Kurt McKee

lessons learned in production

Hey there! This article was written in 2010.

It might not have aged well for any number of reasons, so keep that in mind when reading (or clicking outgoing links!).

Extending feedparser using dynamic inheritance

Posted 14 December 2010 in feedparser and python

After going through many, many feedparser bugs (over 100 closed since I started working on the project, with more waiting to be reviewed!) I've seen a lot of reports asking for additional support for various namespaces. Off the top of my head the list includes GeoRSS, the iTunes Music Store (which is different from the iTunes namespace), Google History, and OpenSearch.

To understand this you might need a little background. When feedparser encounters an XML element, it looks for a method name based on the element name. An opening <itunes:title> element will result in a search for a _start_itunes_title() method (and there will probably be a corresponding _end_itunes_title() method). If no such method is found, then _unknown_starttag() or _unknown_endtag() will be called.

The problem in my opinion is that it's infeasible to add support for all of those namespaces, and so I've been pondering how the project could accommodate these developers' needs without adding volumes of code. Originally I had been thinking that I could write support for .ini configuration files that could educate the _unknown_starttag() and _unknown_endtag() methods.

The problem is that the solution feels complicated, which isn't my favorite kind of solution. It requires developers to learn a new syntax, it requires a new type of unit test methodology in feedparser (and God knows I'm already dreading fixing feedparser's unit tests), and it will likely be too brittle to actually meet developers' needs in the first place.

Suddenly it occurred to me that perhaps it's possible to modify the _FeedParserMixin class dynamically. What if developers could just code the additional namespace support in a Python class, and then make the _FeedParserMixin class inherit that support at runtime?

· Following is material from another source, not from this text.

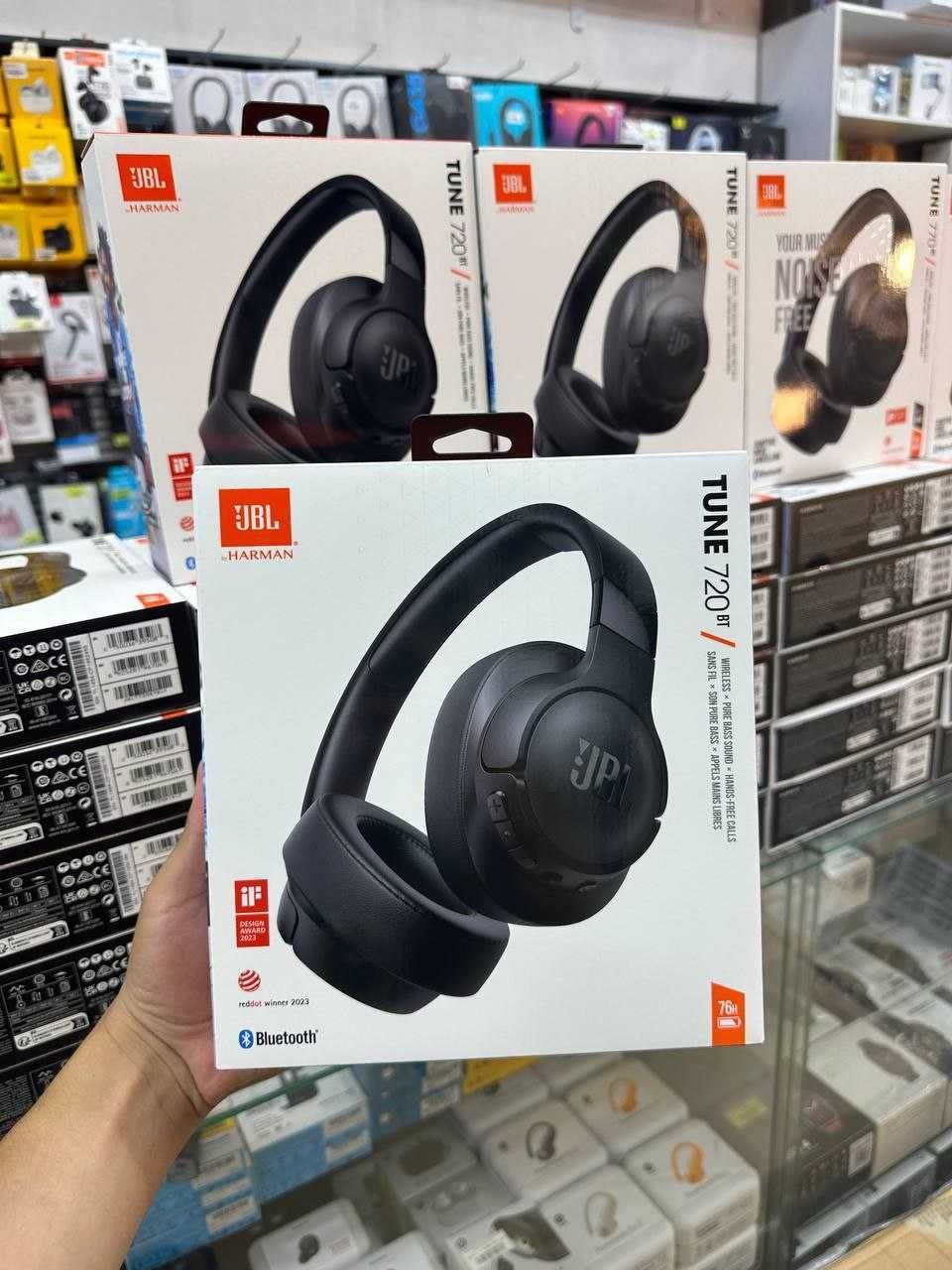 JBL Tune 720BT Pure Bass 76 часов работы. Есть доставка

After some quick searches I tried the following code as a proof-of-concept, and it seems to work like a charm (I've used actual feedparser names to illustrate the point):

class _FeedParserMixin(object):
    def where(self):
        print "in _FeedParserMixin"

additional_support = []
def register_additional_support(cls):
    # cls is a class containing additional functions named in the form
    # `_start_$namespace_$element` and `_end_$namespace_$element`

def parse():
    # parse() is the main public function in feedparser, but here
    # it just returns an instance of a class that inherits from
    # `_FeedParserMixin` and the other registered base classes
    return type('BlendedMixin', tuple([_FeedParserMixin] + additional_support), {})()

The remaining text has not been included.